There wasn’t a death penalty in viking law, apparently—people just got kicked out. And it was legal to kill anyone who got kicked out. And viking society wasn’t as feudalistic as it is depicted in the show.
Apparently the vikings did, in fact, know there was land to the west of them, despite what the show would have us believe.
The armor is “wrong.” And it’s also awesome. And one of my favorite parts of the show. But what’s funny about this one is watching the internet historians argue over it. Because the vikings who fought in armor likely fought in full chainmail and wore metal helmets, the kinds with nasal guards. But apparently most vikings didn’t fight in armor at all, so the scrapped-together approach favored by the show doesn’t seem so bad afterall.
Most vikings didn’t use swords, just the rich ones. Most used spears and axes. They do use plenty of axes in the show, and I caught at least one “using the beard of the axe as a hook” in one fight, which is cool. The sword-and-shield fighting in the show looks wrong to me, but to be honest I don’t think that having spent hours of my life watching youtube videos of viking sword-and-shield fighting really makes me an expert, nor is it something I should admit to in print. And apparently, the duel itself is remarkably accurate, as are a large number of historical details.

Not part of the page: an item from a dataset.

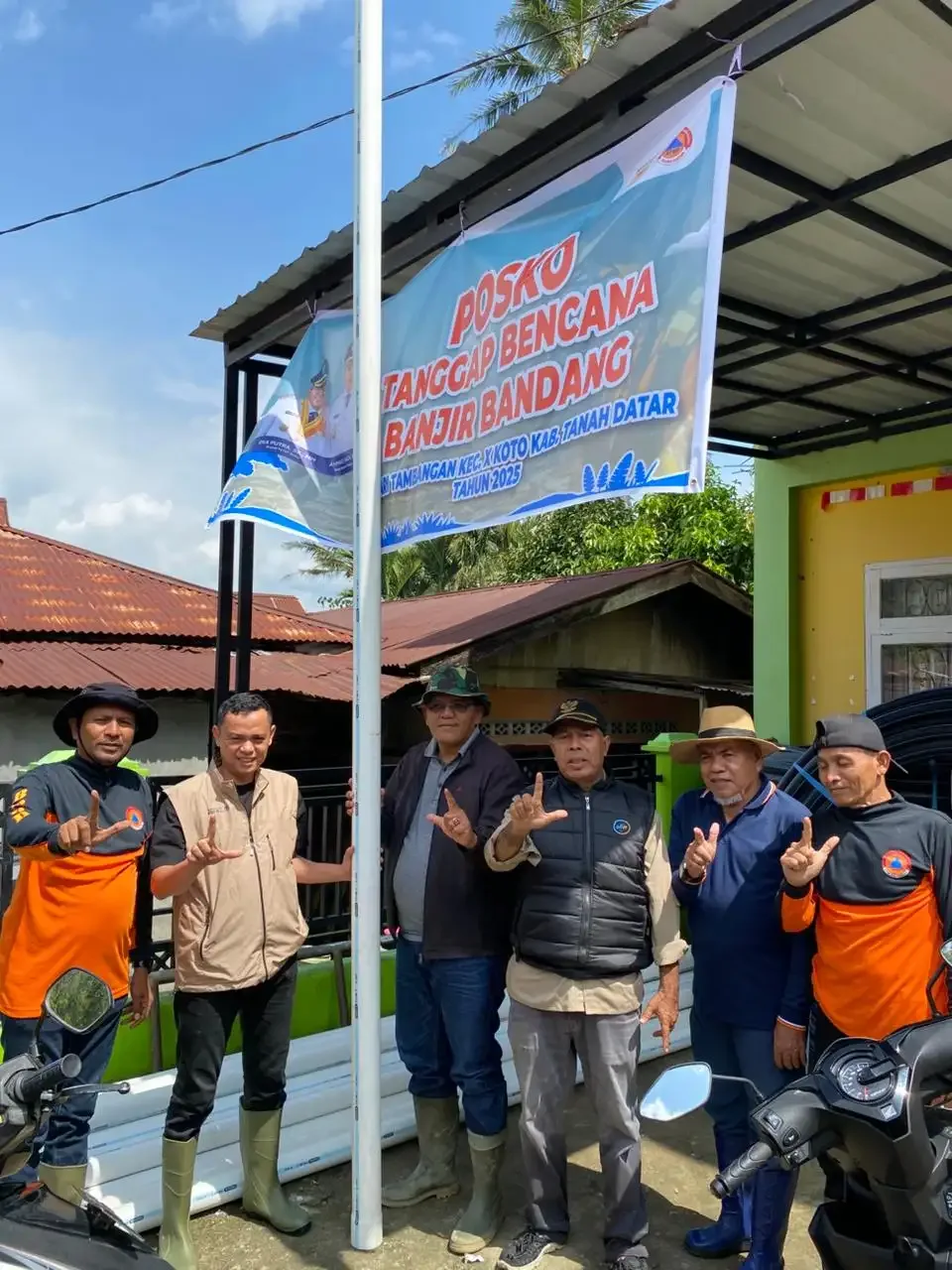 jefri-masrul-bantu-pulihkan-air-bersih-nagari-tambangan-usai-bencana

There’s a lot of arguing about all the awesome haircuts in the show that make all the vikings look like badass crust punks and metalheads. But the historical record is looking pretty favorable on that account, since one of the only records we have included some guy who shaved all but one lock of hair on one side of his head.
Okay that’s all I can muster to care about historical accuracy.
Gender: Gender representation and women’s roles actually seem to get better and better as the season goes on. In the beginning, men rape women to show that they’re bad and one woman goes all viking on some random rapist guys as a way to introduce herself as a badass to the audience. By the end of the season, more and more women are just doing their thing, as peasants, rulers, warriors, and healers. It’s obviously a “manly” show, at the end of the day, however.
There’s definitely something to the protagonist’s relationship with his wife that is bothersome, but I suspect it was written that way intentionally.
Class: To be honest, I just don’t have interest in talking about class relations in Vikings. This shit is from before capitalism. Yeah, there’s some hierarchy and disparate levels of wealth. And there’s a bit of a (ahistorical, actually) thing where the protagonist picks himself up by his bootstraps and goes from happy middle class guy to… oh just watch the show. (Though if “picking yourself up by the bootstraps” more often meant killing the rich men who are exploiting your labor then I might be more alright with the phrase.)
Race: So there were definitely people of color throughout europe throughout the middle ages, but in my rigorous googling I can’t find any evidence that the vikings would have really encountered too many people of color during the period that this show covers. Leaving me with two interesting points about race in Vikings.
First of all, honestly? Stormfront and other white supremacist groups will probably love this shit. Contemporary “yay the pagan north” folks have an unfortunately tendency to also often be nazis. Now, as a fan of metal and neo-folk, I’m used to operating in the strange liminal cultural spaces that anarchists share with fascists. So I mostly just bring this up as an aside.
Secondly, Vikings actually does an interesting job of presenting white people in negative/strange/exoticized roles that media usually leaves for people of color. When was the last time you saw something about human sacrifice that wasn’t about Southeast Asia or Central America? Totems and religious drug use that wasn’t about Native Americans?